▸ **Problem to work on**
For every line in the data below that contains "Ninja", copy the line.

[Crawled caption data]
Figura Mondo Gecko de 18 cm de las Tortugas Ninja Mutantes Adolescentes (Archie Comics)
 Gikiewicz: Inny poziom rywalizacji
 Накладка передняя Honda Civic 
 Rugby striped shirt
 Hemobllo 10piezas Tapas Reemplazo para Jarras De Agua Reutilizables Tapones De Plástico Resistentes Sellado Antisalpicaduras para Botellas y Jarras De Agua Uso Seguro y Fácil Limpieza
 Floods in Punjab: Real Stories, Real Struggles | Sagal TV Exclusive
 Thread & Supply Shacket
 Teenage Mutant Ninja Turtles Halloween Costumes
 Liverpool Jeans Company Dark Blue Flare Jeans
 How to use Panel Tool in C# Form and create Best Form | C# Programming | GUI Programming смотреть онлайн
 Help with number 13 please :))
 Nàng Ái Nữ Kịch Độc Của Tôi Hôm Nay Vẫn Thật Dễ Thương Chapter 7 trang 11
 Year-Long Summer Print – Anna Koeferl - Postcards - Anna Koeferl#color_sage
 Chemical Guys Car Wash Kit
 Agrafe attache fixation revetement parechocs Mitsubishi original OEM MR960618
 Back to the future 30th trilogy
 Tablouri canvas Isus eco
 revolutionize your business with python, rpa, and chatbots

▸ **Your solution**
Figura Mondo Gecko de 18 cm de las Tortugas Ninja Mutantes Adolescentes (Archie Comics)
 Teenage Mutant Ninja Turtles Halloween Costumes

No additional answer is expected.